Faced with this reluctance, Denis Masseglia reminded that "for those who do not wish to be vaccinated, it should be known that the participation precautions will be extremely difficult", evoking for the unvaccinated a "complicated path".

In other words, the latter could undergo, once on Japanese soil, "a form of quarantine, a fortnight […] where it will be necessary to carry out a battery of tests", warned Denis Masseglia.

"We want to protect them"

With an average age of 27 and excellent physical condition by definition, Olympians are normally considered to be at low risk for Covid-19 and should only receive a vaccine among the last.

However, the Belgian Olympic committee has also requested 400 to 500 vaccinations for its athletes and its delegation.

Doctor Johan Bellemans, chief medical officer of the Belgian Olympic Committee, himself a former Olympian, concedes that he does not want "our athletes to have a competitive disadvantage".

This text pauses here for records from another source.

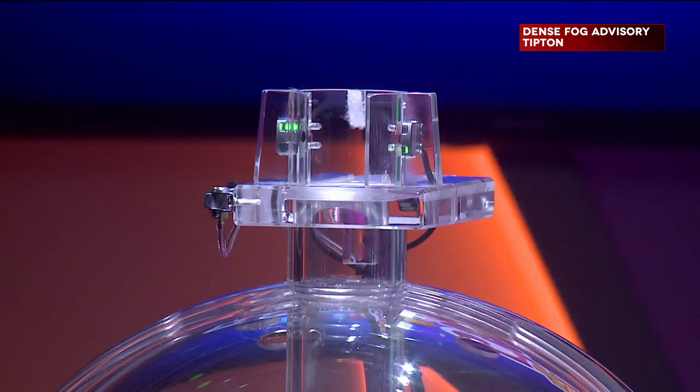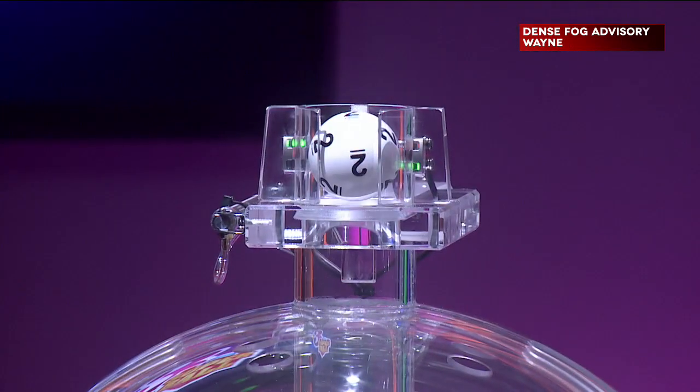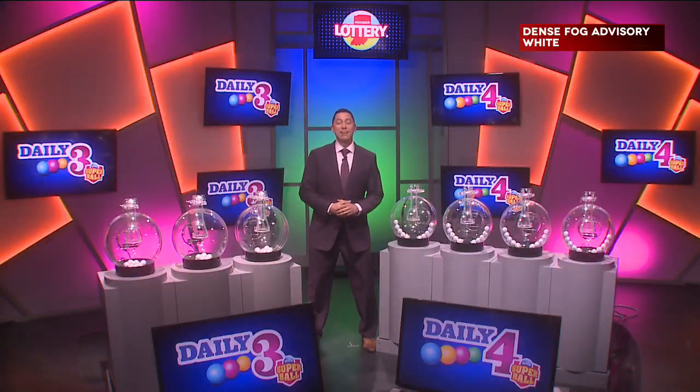Now, let's play Daily 3. Tonight's first number is 7, followed by 2. Our third number tonight is 5. Your winning number tonight is 7-2-5.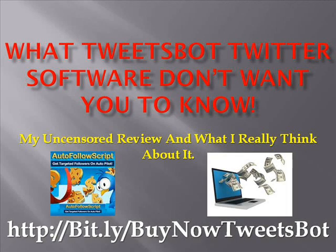Hey, Lloyd here and I want to cover an extremely important topic with you. It is concerning how to get Twitter followers and what TweetsBot Twitter software don't want you to know. This is my uncensored review and what I really think about it.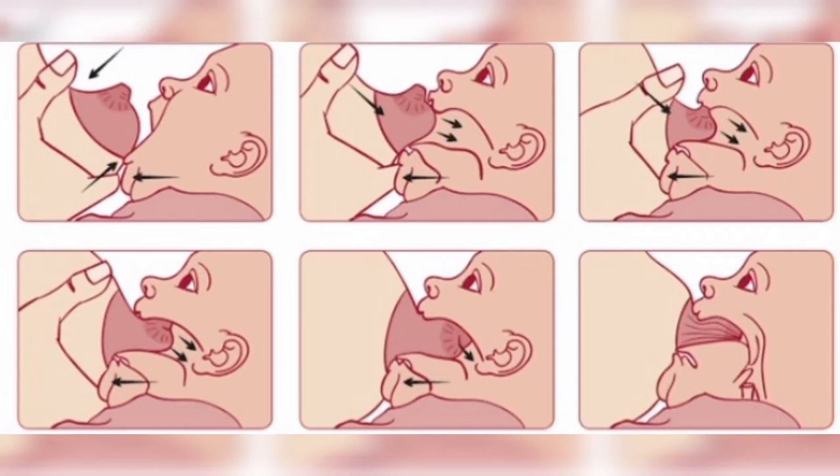When babies don't open their mouth, you are not able to feed them easily. For that, you must take your baby's nose to your nipples.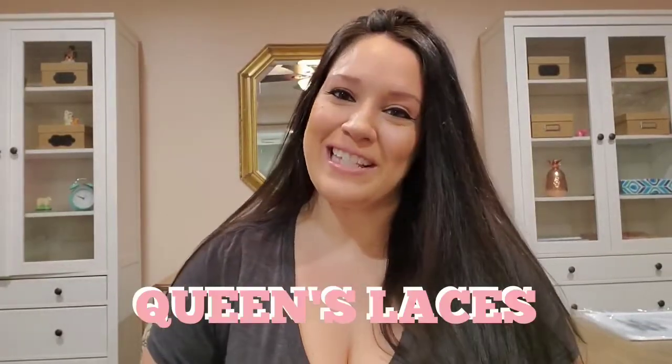Hey guys, Elena here from Queens Laces, welcome to my channel. If you're new here, I'm an online reseller on sites like eBay, Poshmark, Tradesy, Mercari, Etsy, and Facebook Marketplace — pretty much anywhere I can make money.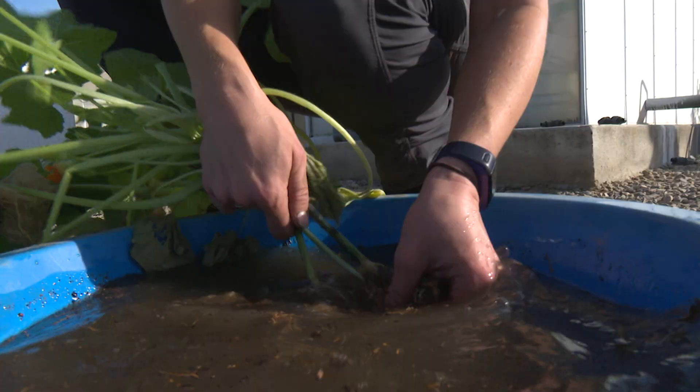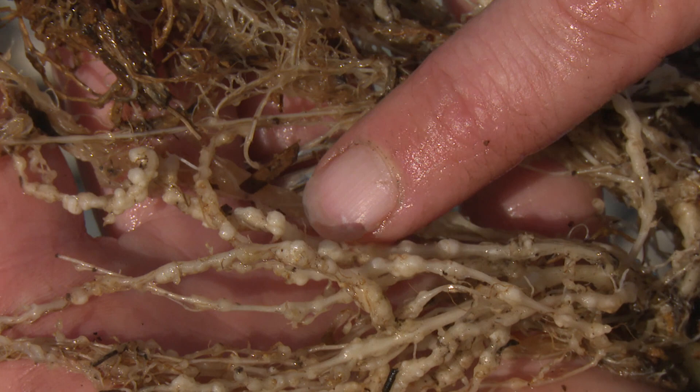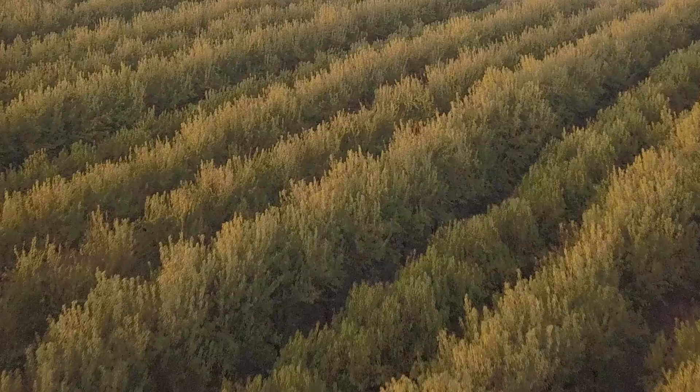Nematodes have been around since the beginning of time, and I don't anticipate them going away anytime soon. It's estimated globally that nematodes cause 100 billion dollars in losses annually. It's been proven that nematodes have caused significant crop injury to a variety of crops — everything from stunted growth and reduction in yield, to in some cases death of a crop.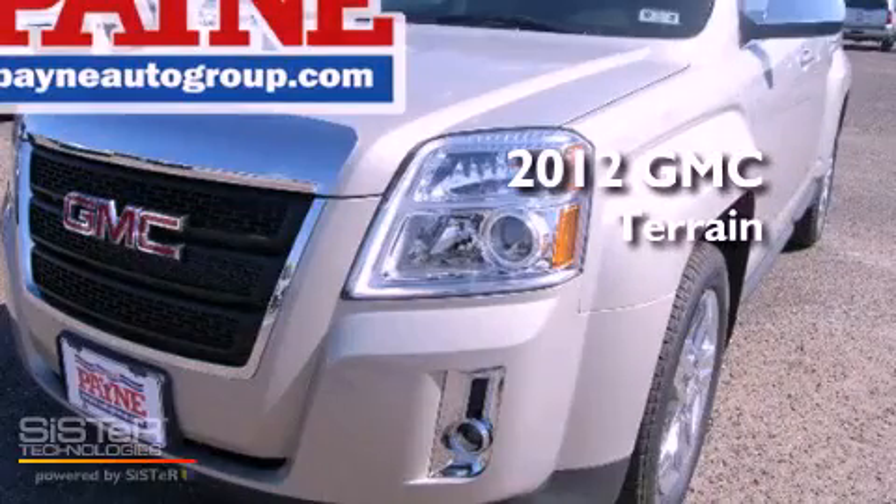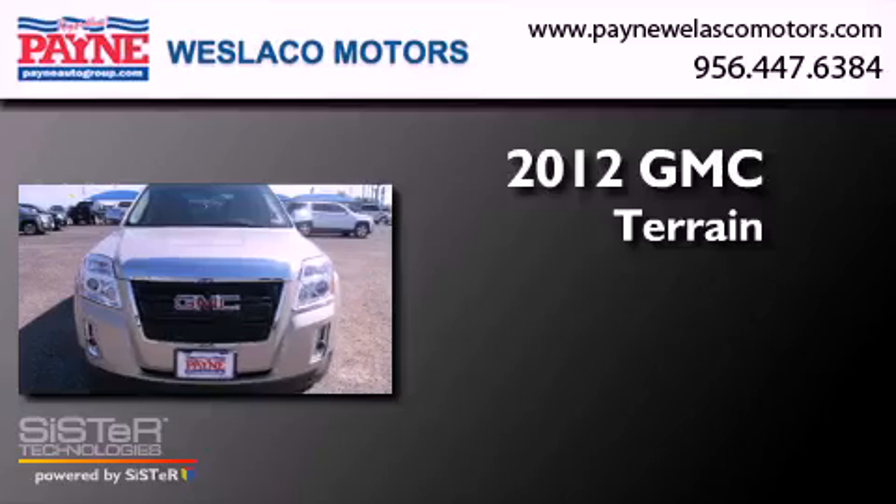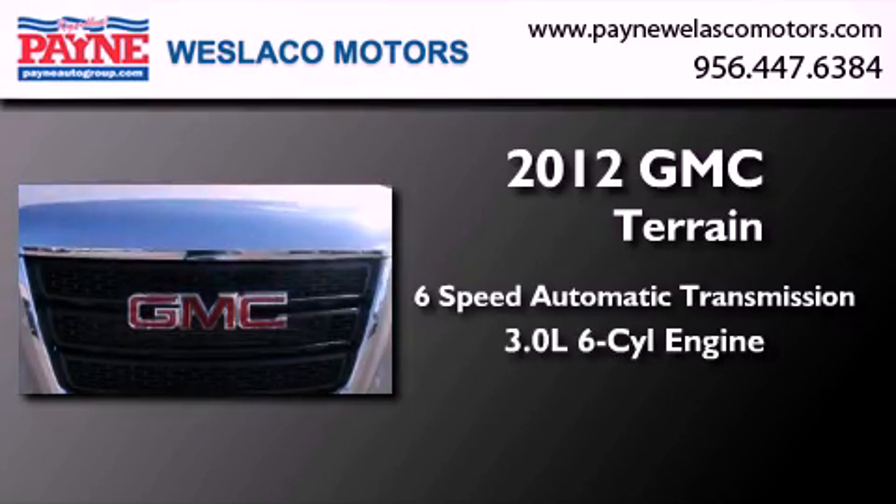This is a brand new 2012 GMC Terrain. This crossover has a 6-speed automatic transmission and a 3.0-liter V6.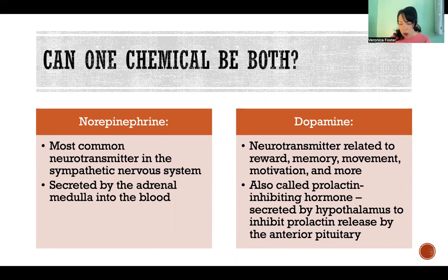So not all are used as both, but many are. There are some chemicals that are only hormones, some chemicals that are only neurotransmitters, and some chemicals that function as both.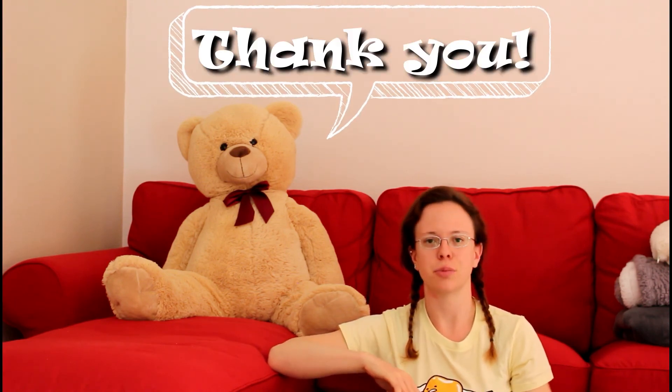Thanks for joining me. I hope you liked it. Bye!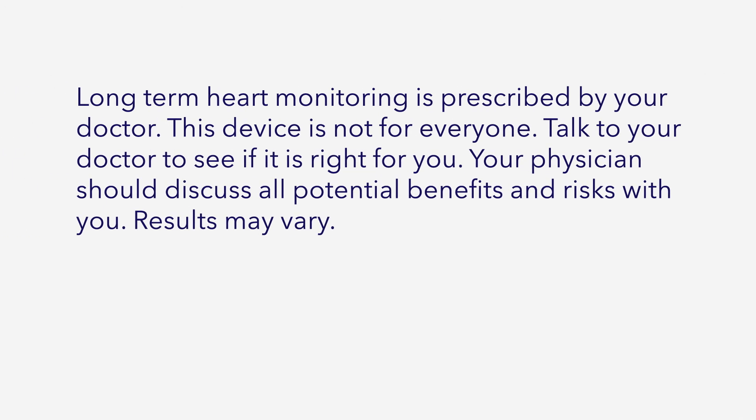Long-term heart monitoring is prescribed by your doctor. This device is not for everyone — talk to your doctor to see if it is right for you. Your physician should discuss all potential benefits and risks with you. Results may vary.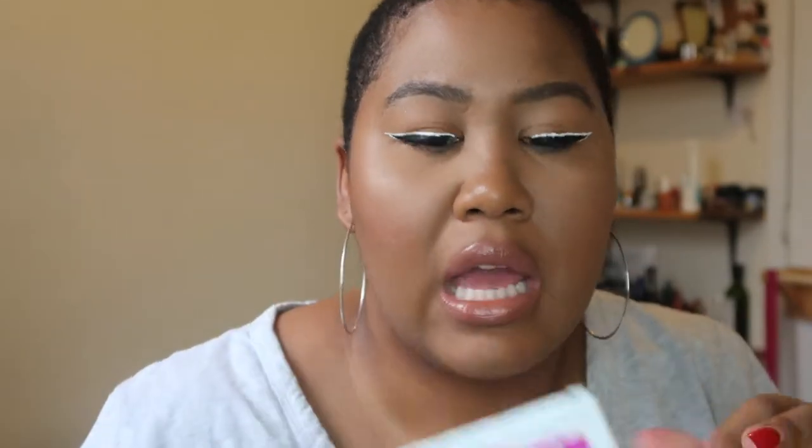This is the Tom's of Maine Anti-Plaque and Whitening toothpaste. It's fluoride free, peppermint flavor. I went through this really fast. It cost about five bucks. I wasn't really impressed by it — I ended up going back to Colgate, but I don't like that one either and I'm on the hunt. I feel like this Tom's one just isn't really that great.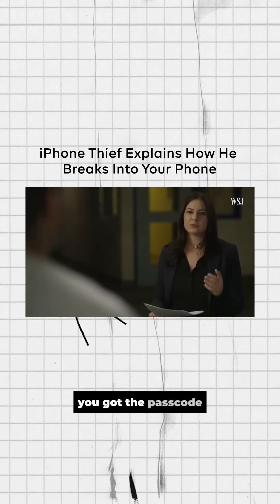Hey guys, have you seen this? You've got the phone, you've got the passcode. What do you do next?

But according to him, the medical argument is the most important.

"Many athletes were infected during the second wave. Our rate of contamination is now 22%, which is much higher than in the normal population," he described in an interview with

Sporza spots

.

"In addition, according to a study, an abnormality of the heart muscle can be observed in 60% of the young and active population, three or six months after the infection", he also explained.

"Some athletes have had heart complications. When you train hard with this kind of inflammation, it can get very dangerous. We want to protect them."

From July 23 to August 8, 2021, more than 11,000 athletes are expected in Tokyo to participate in the Olympic Games.

>> Translated from English by Stéphanie Trouillard.